Merrill Lynch today said it planned to cut 4,000 jobs after posting a quarterly loss of $2bn (£1bn).
The job cuts cover about 10 per cent of Merrill Lynch staff, excluding financial advisers and investment associates. The company, which ended March with 63,100 employees overall, said it would target the job cuts to its markets and investment banking operations and in support areas.
The bank recorded more than $9.5bn in write-downs and losses on subprime mortgages and other risky assets.
The results were worse than analysts' gloomy expectations, and shares of the world's largest brokerage fell more than 2 per cent in pre-market trading.
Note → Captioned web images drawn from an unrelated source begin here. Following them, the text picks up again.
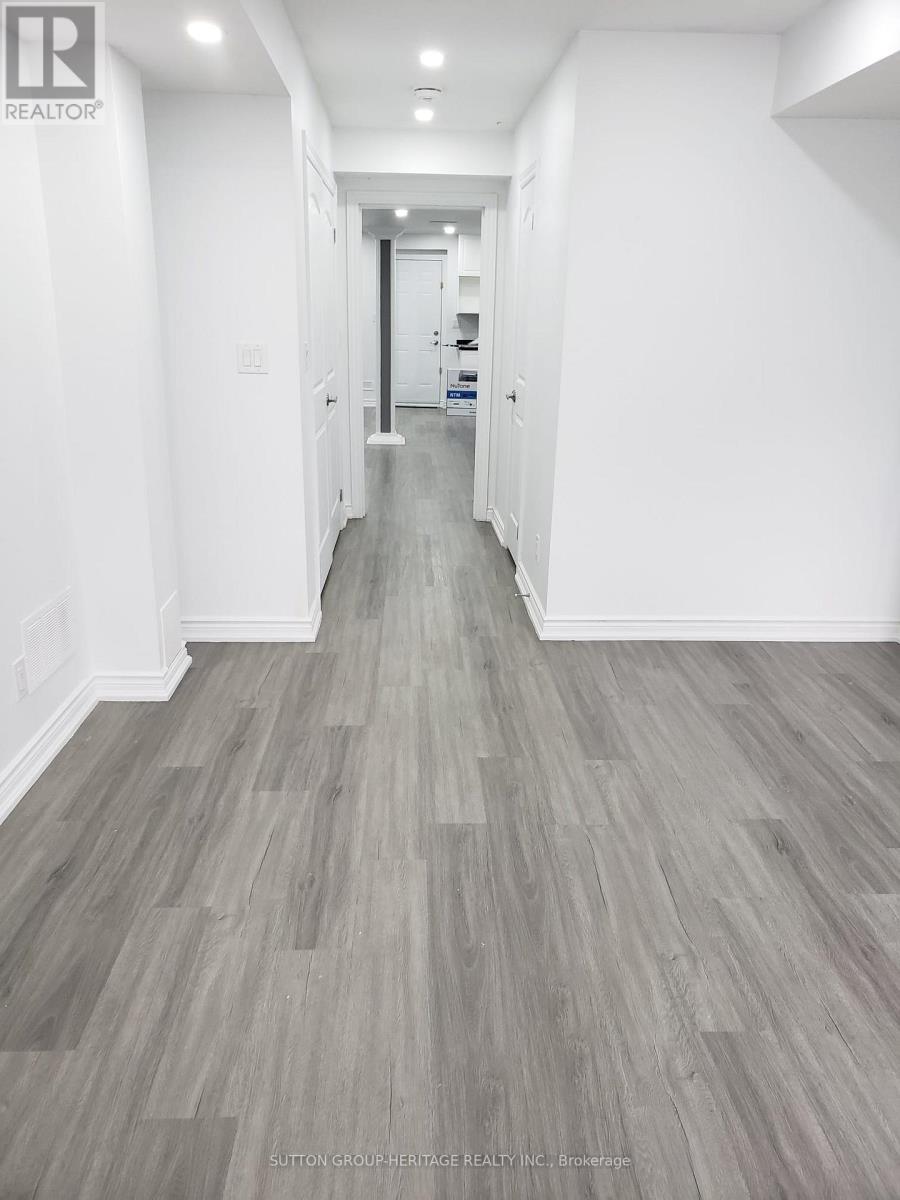 9 Stott Avenue, Ajax, Ontario  L1T 0M5 - Photo 8 - E12528560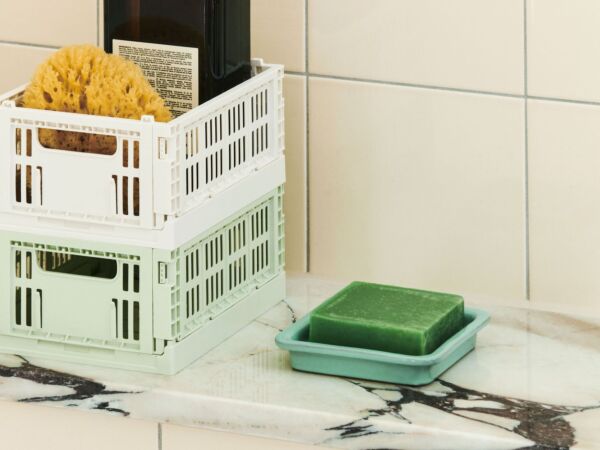 5_HAY Colour Crate Mini Set of 2 off-white_mint_Soap Bar Two lemongrass_Soap Dish light green.jpg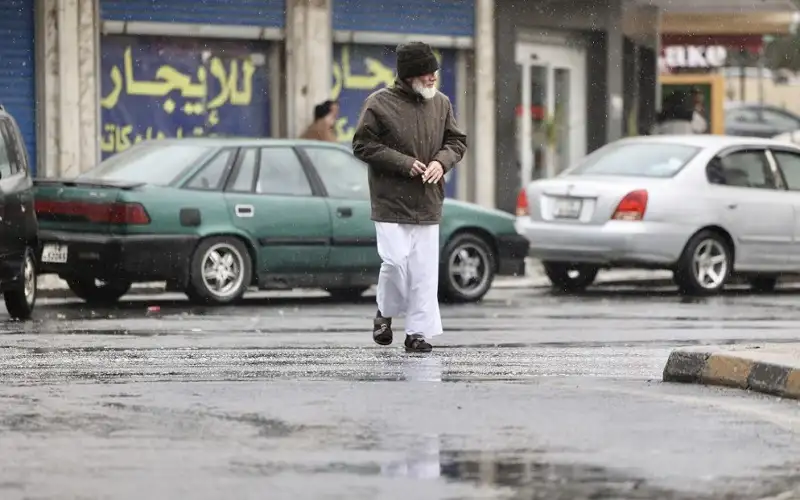 أجواء ماطرة وتحذيرات من تشكل السيول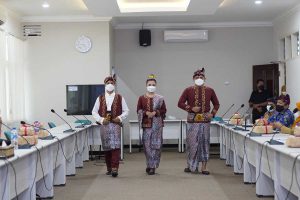 Tahun 2022 ini pakaian yang menjadi khas Kediri berdasarkan pengkajian sejarah bakal dilaunching. (Memo X/ji) - Mas Dhito Minta Pakaian Khas Kabupaten Kediri Segera Dipatenkan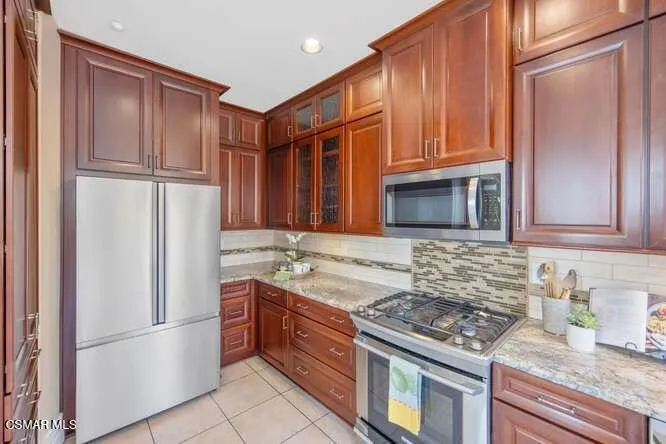 586 Schuman Place Ventura, CA 93003
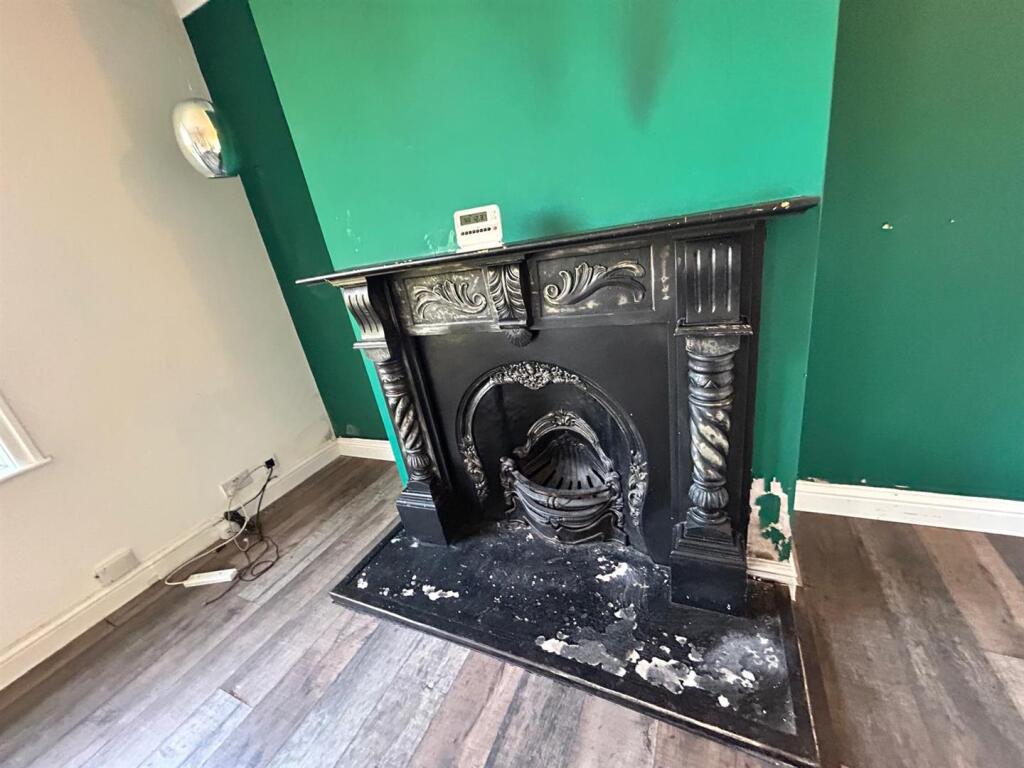 WhatsApp Image 2025-04-09 at 17.14.37 (7).jpeg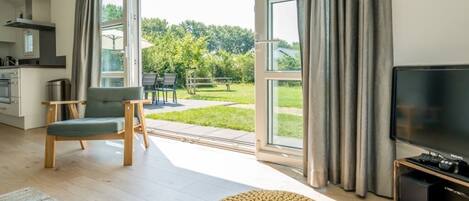 TV, DVD player, stereo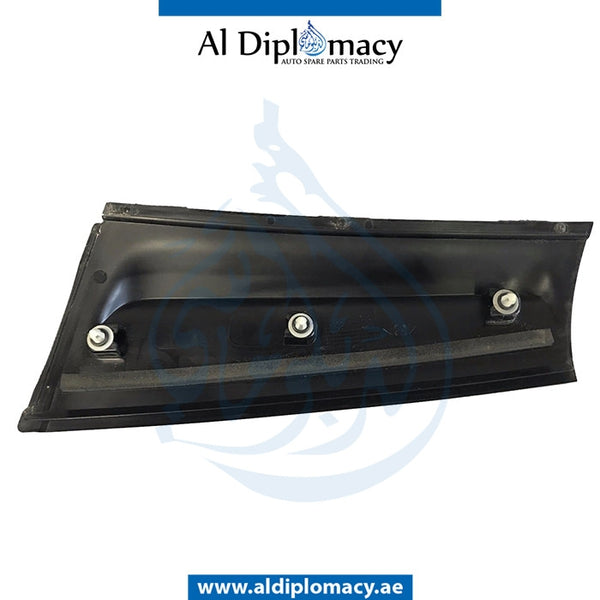 Right Cover, COLUMN D for Mini Cooper Mini Countryman R60 (2011-2016) models, Part Number UN-51139801548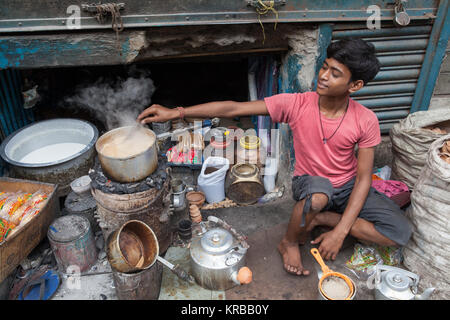 Chai vendor making tea in Kolkata, India Stock Photo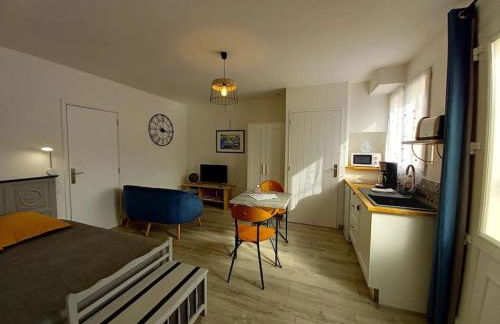 Gîte "Chez Albert et Cie"- 8 mn du Puy du Fou - Photo 2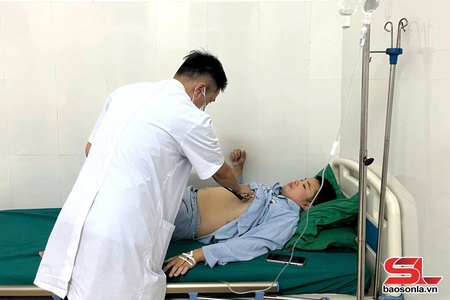 16 người bị ngộ độc sau khi ăn nộm hoa đu đủ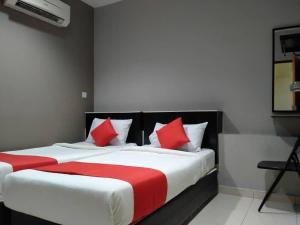 Postel nebo postele na pokoji v ubytování HOTEL AVATARR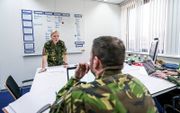 Militaire planners van defensie en de Brabantse ziekenhuizen overlegden vorige week over de verplaatsing van coronapatiënten naar andere ziekenhuizen. Deze militairen zijn binnen de krijgsmacht getraind in het plannen van patiëntenvervoer. beeld ANP, Rob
Chief Executive John Thain is trying to turn the company around as it struggles with the aftermath of bad bets on subprime mortgages and repackaged debt. He is increasing the investment bank's business in emerging markets and cutting costs to help offset write-downs.
Merrill Lynch reported losses, write-downs and reserve increases of $1.5bn on collateralised debt obligations, $925m on loans financing leveraged buyouts, $3.5bn on an investment portfolio, more than $800m on residential mortgages, and $3bn for exposure to bond insurers.
Merrill Lynch's first-quarter net loss was $1.96bn, compared with a year-earlier profit of $2.16bn.
Including preferred stock dividends, the loss was $2.14bn, or $2.19 per share, and compared with a profit of $2.11bn, or $2.26 a share, a year earlier.
Thain said that despite the loss, Merrill Lynch remained "well-capitalized."